Vous avez commencé le rugby pendant vos études avant de jouer à Bobigny puis au Stade Français. Comment une fille née de deux athlètes lanceurs de marteau (Walter Ciofani et Jeanne Ngo Minyemeck) - sport que pratiquent aussi vos sœurs (Juliette et Audrey) à haut niveau – choisit de devenir rugbywoman ?

Ça a commencé à la fac. J'avais 17 ans, j’étais en STAPS et dans le tronc commun il y avait le rugby. Pendant deux ans, j’ai fait de l’athlétisme en club et du rugby en universitaire. Au bout d’un moment, ça n’était plus possible, il fallait faire un choix. Je pense que c’est l'ambiance du rugby, les filles que j'ai eu la chance de côtoyer quand j’ai essayé en club à Bobigny qui m’ont vraiment donné l'envie de tenter l'aventure. Et ce professeur qui m'a mis le pied à l'étrier et qui a été très insistant. Je le remercie encore aujourd'hui. Je me suis laissée prendre au jeu du rugby. Ses valeurs, l'esprit familial, ça m'a pris tout simplement. Je n'ai pas resigné ma licence en athlé et feu pour le rugby.

Ça n’a pas été trop dur pour vos parents de vous voir lâcher l’athlétisme ?
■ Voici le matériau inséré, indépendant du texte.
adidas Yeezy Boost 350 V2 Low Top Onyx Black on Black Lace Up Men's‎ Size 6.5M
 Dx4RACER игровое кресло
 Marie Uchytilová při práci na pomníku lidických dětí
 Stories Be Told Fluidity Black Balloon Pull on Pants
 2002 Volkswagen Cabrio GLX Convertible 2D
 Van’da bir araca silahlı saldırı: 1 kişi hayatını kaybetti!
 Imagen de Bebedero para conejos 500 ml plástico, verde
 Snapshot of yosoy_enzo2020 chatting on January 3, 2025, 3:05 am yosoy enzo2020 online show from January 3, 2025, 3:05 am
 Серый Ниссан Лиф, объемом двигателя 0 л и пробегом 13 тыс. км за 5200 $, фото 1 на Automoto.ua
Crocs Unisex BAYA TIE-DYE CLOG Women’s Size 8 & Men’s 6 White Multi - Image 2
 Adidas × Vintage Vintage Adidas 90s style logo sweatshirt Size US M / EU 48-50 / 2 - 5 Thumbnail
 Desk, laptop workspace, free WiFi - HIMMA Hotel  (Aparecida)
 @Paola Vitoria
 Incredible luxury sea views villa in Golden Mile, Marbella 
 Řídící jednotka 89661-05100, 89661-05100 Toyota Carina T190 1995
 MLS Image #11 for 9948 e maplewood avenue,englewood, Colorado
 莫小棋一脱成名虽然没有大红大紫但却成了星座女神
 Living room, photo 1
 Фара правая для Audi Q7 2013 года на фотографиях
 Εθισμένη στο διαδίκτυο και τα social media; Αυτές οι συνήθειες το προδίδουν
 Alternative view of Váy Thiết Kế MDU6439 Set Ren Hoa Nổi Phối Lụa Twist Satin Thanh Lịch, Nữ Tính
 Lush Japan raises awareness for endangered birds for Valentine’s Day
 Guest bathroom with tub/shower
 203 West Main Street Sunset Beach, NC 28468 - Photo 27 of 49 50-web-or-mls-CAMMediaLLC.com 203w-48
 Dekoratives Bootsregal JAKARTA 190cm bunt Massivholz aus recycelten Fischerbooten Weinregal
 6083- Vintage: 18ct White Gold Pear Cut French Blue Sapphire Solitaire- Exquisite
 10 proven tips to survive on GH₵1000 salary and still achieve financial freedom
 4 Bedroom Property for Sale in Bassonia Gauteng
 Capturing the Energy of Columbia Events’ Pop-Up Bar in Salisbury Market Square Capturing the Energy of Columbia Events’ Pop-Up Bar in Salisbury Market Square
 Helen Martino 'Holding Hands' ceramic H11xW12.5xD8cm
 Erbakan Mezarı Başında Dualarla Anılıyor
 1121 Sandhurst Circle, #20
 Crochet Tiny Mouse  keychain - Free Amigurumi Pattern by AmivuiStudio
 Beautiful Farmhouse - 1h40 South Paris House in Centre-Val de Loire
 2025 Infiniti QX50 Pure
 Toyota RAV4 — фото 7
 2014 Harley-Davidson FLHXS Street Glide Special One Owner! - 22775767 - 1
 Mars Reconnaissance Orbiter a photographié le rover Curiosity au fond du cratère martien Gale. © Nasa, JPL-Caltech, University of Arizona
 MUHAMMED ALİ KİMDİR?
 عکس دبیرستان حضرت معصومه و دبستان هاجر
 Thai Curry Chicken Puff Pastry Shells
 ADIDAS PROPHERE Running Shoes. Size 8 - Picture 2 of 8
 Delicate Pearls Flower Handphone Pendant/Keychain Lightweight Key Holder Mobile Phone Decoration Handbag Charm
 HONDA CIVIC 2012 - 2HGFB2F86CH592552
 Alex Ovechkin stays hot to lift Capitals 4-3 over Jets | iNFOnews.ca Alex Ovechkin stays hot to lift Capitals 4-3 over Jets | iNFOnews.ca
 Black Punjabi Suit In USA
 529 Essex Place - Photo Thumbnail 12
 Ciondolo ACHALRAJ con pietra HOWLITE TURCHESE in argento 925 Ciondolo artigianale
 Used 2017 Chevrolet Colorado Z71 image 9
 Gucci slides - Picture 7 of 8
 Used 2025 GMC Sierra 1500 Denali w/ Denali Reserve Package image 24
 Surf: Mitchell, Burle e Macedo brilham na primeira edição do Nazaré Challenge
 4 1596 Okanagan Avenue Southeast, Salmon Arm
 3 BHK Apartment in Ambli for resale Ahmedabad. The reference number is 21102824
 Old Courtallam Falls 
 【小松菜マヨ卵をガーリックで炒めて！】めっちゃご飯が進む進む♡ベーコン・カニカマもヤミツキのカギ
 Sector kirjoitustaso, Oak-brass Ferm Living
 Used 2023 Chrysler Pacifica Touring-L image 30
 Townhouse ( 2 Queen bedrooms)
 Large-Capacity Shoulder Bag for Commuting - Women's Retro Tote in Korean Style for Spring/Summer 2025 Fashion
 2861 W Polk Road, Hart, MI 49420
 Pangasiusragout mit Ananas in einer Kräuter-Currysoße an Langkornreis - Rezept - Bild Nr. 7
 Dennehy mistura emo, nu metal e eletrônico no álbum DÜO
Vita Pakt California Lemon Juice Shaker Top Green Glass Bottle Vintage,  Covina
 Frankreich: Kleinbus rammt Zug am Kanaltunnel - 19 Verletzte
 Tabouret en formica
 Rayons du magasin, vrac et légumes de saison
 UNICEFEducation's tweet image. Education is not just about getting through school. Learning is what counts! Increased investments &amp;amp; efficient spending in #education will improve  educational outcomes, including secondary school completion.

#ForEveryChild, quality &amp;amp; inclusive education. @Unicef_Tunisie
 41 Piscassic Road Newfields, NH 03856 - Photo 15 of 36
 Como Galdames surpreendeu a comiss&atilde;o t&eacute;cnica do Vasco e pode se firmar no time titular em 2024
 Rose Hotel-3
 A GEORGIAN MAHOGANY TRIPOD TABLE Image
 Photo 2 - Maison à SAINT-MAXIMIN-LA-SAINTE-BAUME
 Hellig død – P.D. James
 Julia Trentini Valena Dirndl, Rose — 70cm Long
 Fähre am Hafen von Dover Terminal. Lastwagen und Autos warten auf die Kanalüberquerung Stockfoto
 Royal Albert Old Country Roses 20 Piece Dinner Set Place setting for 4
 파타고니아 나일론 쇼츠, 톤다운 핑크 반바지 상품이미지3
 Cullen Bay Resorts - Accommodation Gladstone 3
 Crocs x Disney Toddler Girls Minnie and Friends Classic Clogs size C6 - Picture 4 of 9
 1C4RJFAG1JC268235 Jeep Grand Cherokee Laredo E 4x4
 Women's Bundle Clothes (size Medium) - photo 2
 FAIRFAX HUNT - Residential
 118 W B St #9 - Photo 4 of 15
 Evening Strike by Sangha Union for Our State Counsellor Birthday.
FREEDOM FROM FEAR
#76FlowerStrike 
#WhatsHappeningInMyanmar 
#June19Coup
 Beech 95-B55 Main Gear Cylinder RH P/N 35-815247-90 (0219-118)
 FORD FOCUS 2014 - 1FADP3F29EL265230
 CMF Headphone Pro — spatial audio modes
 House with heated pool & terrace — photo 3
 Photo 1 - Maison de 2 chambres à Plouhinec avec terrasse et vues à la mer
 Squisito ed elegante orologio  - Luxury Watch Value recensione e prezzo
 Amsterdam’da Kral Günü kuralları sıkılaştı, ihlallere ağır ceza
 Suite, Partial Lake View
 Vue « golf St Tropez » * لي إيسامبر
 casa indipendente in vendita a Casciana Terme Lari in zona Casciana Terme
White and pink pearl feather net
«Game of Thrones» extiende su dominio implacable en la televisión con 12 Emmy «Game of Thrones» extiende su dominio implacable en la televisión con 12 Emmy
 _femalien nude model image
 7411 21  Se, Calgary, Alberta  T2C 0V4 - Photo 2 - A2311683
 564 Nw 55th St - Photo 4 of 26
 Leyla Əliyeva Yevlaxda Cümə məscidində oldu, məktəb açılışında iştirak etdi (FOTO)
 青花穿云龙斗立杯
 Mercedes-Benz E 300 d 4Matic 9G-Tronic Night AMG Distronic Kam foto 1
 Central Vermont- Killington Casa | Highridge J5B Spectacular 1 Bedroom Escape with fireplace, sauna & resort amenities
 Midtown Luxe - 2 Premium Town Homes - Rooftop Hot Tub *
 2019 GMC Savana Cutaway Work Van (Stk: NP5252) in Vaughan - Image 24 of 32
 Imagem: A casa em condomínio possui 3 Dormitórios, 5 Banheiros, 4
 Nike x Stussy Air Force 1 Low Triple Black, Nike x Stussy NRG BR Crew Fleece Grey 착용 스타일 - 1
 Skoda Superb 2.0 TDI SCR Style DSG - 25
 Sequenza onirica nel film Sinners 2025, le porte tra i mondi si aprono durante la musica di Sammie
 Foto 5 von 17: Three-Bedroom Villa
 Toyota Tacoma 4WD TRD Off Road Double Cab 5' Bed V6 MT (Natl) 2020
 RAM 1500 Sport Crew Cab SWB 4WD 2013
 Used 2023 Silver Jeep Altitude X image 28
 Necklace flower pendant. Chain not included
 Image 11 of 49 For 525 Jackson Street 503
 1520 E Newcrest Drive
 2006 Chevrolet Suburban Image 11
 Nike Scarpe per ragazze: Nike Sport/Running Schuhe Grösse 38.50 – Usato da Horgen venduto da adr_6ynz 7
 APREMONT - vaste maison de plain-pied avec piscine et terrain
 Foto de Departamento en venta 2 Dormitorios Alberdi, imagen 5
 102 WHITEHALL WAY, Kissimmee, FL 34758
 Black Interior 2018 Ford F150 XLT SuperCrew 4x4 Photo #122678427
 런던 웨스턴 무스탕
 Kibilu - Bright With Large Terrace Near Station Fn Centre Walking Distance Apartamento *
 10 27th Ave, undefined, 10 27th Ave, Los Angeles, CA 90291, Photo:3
Ça été un gros questionnement pendant quelques années. Ils se disaient que ce n’était pas du sérieux. C’était le début des contrats professionnel au rugby. Au début, je jouais pour le plaisir d’être avec les copines et le challenge d’apprendre un nouveau sport. Quand j’ai compris que l’on pouvait devenir professionnelles je me suis dit : “Tu as manqué d’être pro en athlé, tente le tout pour le tout au rugby !” Mon objectif de vie, c'était d’être athlète professionnelle. Si ce n’est pas possible en athlé, pourquoi pas au rugby ?

Votre famille vient voir jouer ?

Non, pas du tout ! D’abord, chacun a sa vie. Et puis on joue énormément à l'étranger. Mais ils me suivent beaucoup et ce sont mes premiers supporters, ça je le sais.